If her name sounds familiar, it’s maybe because you read Rachel Kaadzi Ghansah’s recent profile of Toni Morrison in the New York Times, The Radical Vision of Toni Morrison,” or her profile of Dave Chappelle in The Believer, If He Hollers Let Him Go,” nominated for a National Magazine Award. She writes consistently and critically about the intersection of personal experience and popular culture, creativity and self censorship, black people and white culture, turning her lens toward subjects such as Jimi Hendrix’s Electric Lady Studios and the Beyhive. She writes frankly about the effects of institutionalized racism on black bodies. Read everything by Ghansah you can get your hands on. Listen to what she has to say.

4. Mira Jacob

Mira Jacob’s debut novel, The Sleepwalker’s Guide to Dancing, was named one of the best books of 2014 by The Boston GlobeKirkusBustle, and The Millions. Praised by everyone from Emily Gould to Oprah, the novel follows the Eapens, an Indian American family, as they discover what it means, in the author’s own words, “to make a life in a stolen country.”

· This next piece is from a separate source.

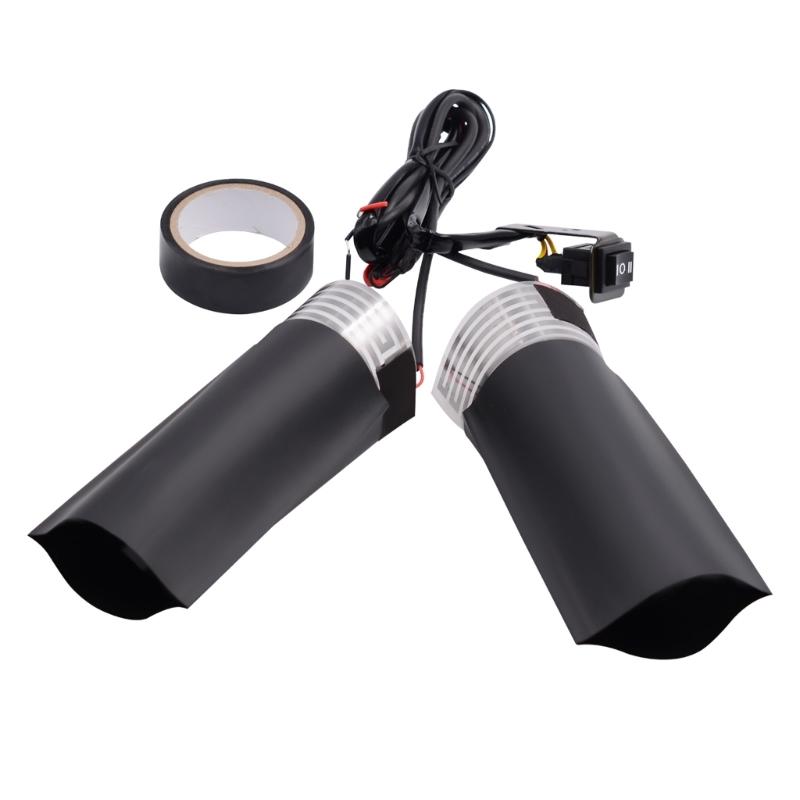 Motorcycle Heated Grips Handlebar Heating Film Warmer Kit for Motorcycle ATV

Personally, I’m beyond thrilled that Jacob is now working on a new graphic memoir. In one excerpt of the work-in-progress, “37 Difficult Questions from My Mixed-Race Son,” Jacob recounts a series of conversations with her six-year-old son, whose obsession with Michael Jackson raises questions of race, and racism, exclusion and belonging. The essay is alternately hilarious and deeply unsettling, proving why there is not nearly enough graphic nonfiction in the world, and I propose we all buy and devour the book when it comes out.

5. Casey Fleming

Casey Fleming is a writer whom I have the profound fortune to count among my closest friends. I’ve known her for over ten years now, and all that time I’ve spent admiring her writing. She is one of my most trusted readers, and I am, perhaps, her biggest fan. Her essays have appeared in Sojourners, Fourth Genre, and elsewhere, but I think that some of her best work appears only on her blog, Nonsecular Girl, where she posts sermons about such topics as motherhood and racial violence, terrorism and fertility.

These sermons, at their core, explore the role of spirituality in our everyday lives: how to make way for the divine without the rigidity of the devout; they are, in her own words, “a deeply reflective and personal dialogue” with the culture at large. For a year, she posted them weekly; now that she’s dedicating most of her time to a book project (keep an eye out for THAT, people), she posts the sermons somewhat less regularly. My favorite one, by far, is a sermon from this past Easter, “Easter Sermon (A Baptism Story),” in which she reinvests a set of Catholic rituals with new meaning tied to her own body, and to the body of her newborn son. Her writing is at once tender and fierce, and unapologetically claims an authority she makes for herself. We all have something to learn from this.